Posted By: Guldbamsen
Date Posted: June 25 2017 at 04:04
Originally posted by Lewian Lewian wrote:

I didn't really see the logic in Radiohead's set list and I think that they end off their songs too abruptly live, they just do their stuff but haven't added much to them for their performance. So it wasn't all great, but I love their music and largely they did it well, so 3.5 stars from me.

The Foo Fighters are good entertainment but ultimately just a too perfect everybody's darling rock band. Dave Grohl is a nice guy but he'll never be David Bowie, Kurt Cobain or even Thom Yorke, he's just too nicely catering for everybody and lacking edge (despite their outbursts of wildness; you see what he's learnt in Nirvana but as controlled and well dosed as in the Foo Fighters you know too well that everything's always safe).

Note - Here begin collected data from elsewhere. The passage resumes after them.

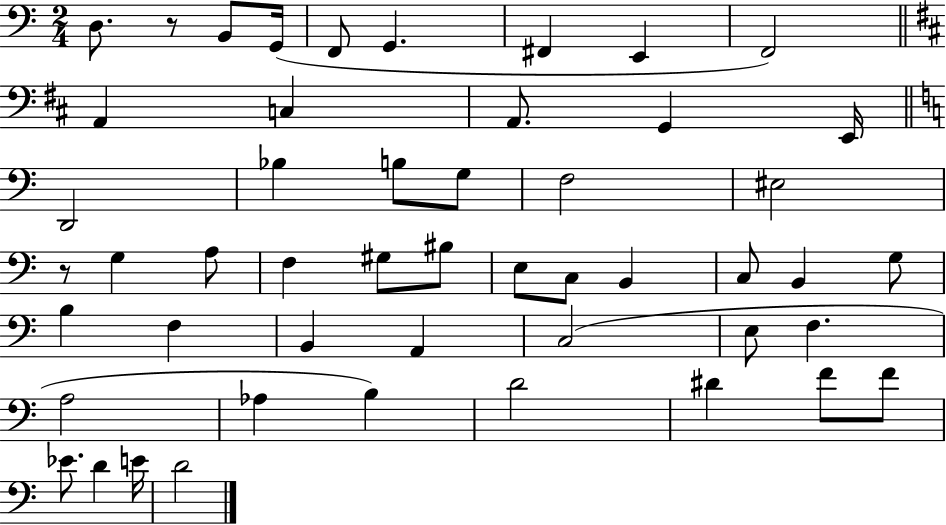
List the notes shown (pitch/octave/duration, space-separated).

D3/e. R/e B2/e G2/s F2/e G2/q. F#2/q E2/q F2/h A2/q C3/q A2/e. G2/q E2/s D2/h Bb3/q B3/e G3/e F3/h EIS3/h R/e G3/q A3/e F3/q G#3/e BIS3/e E3/e C3/e B2/q C3/e B2/q G3/e B3/q F3/q B2/q A2/q C3/h E3/e F3/q. A3/h Ab3/q B3/q D4/h D#4/q F4/e F4/e Eb4/e. D4/q E4/s D4/h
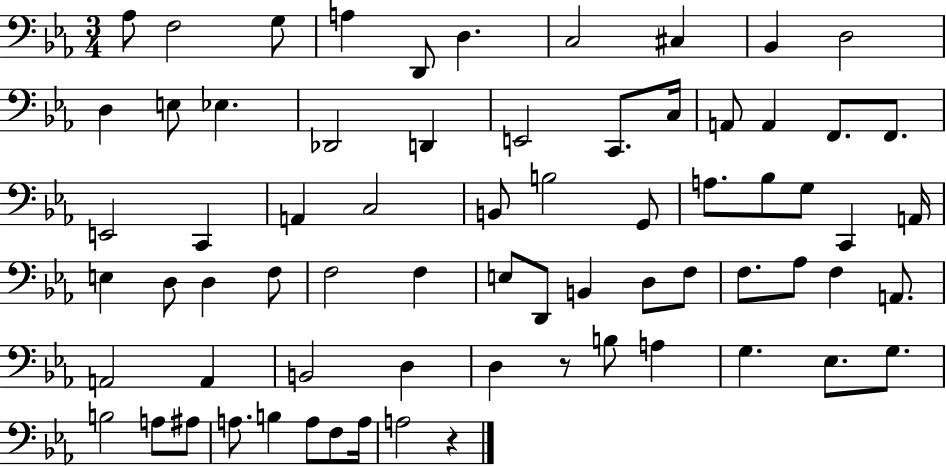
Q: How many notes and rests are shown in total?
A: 70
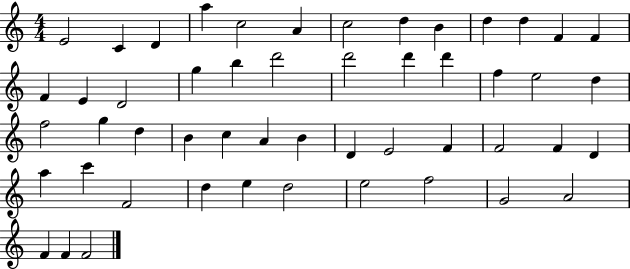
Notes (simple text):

E4/h C4/q D4/q A5/q C5/h A4/q C5/h D5/q B4/q D5/q D5/q F4/q F4/q F4/q E4/q D4/h G5/q B5/q D6/h D6/h D6/q D6/q F5/q E5/h D5/q F5/h G5/q D5/q B4/q C5/q A4/q B4/q D4/q E4/h F4/q F4/h F4/q D4/q A5/q C6/q F4/h D5/q E5/q D5/h E5/h F5/h G4/h A4/h F4/q F4/q F4/h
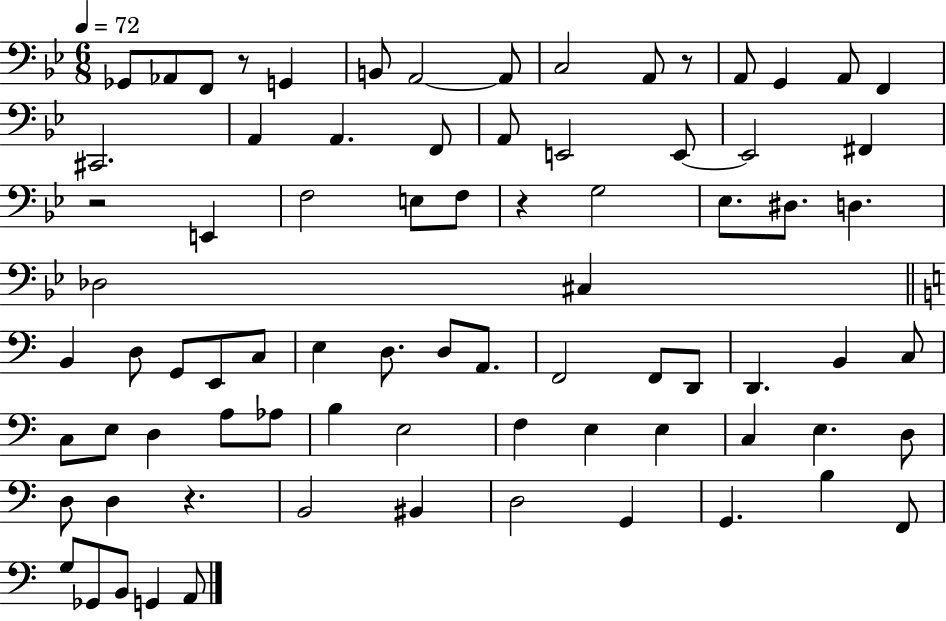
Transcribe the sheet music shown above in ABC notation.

X:1
T:Untitled
M:6/8
L:1/4
K:Bb
_G,,/2 _A,,/2 F,,/2 z/2 G,, B,,/2 A,,2 A,,/2 C,2 A,,/2 z/2 A,,/2 G,, A,,/2 F,, ^C,,2 A,, A,, F,,/2 A,,/2 E,,2 E,,/2 E,,2 ^F,, z2 E,, F,2 E,/2 F,/2 z G,2 _E,/2 ^D,/2 D, _D,2 ^C, B,, D,/2 G,,/2 E,,/2 C,/2 E, D,/2 D,/2 A,,/2 F,,2 F,,/2 D,,/2 D,, B,, C,/2 C,/2 E,/2 D, A,/2 _A,/2 B, E,2 F, E, E, C, E, D,/2 D,/2 D, z B,,2 ^B,, D,2 G,, G,, B, F,,/2 G,/2 _G,,/2 B,,/2 G,, A,,/2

By the way I saw two songs of a band called BadBadNotGood for the first time in today's Glastonbury coverage, I loved them. Thundercat were good, too.
I have just seen a couple of episodes of the rockumentary Sonic Highways and find it extremely puzzling to have all these gifted musicians talking about some of the seminal moments, people and places in rock history...and then you get The Foo Fighters take on it, which granted, was far more interesting than what I would have thought - anyway they recognise all the great music and talk about how great music is born - about throwing out the rule book and trying something a little different and bla bla bla. Fact of the matter is that by the end of the show they record a new song for their upcoming album, Sonic Highways, and every goddamn one of them sounds EXACTLY like the one preceding itLOL 
It truly boggles the mind how these musicians can get so incredibly inspired by their surroundings and then NOT try something new/different (the one exception I noted was the 10 second inclusion of a country western sounding guitar to an intro...from there on the song just went into every other Foo Fighter tune they've ever released.)
After 3 of these in a row I was literally in tears! Bizarroworld. They remind me of Nickleback actually.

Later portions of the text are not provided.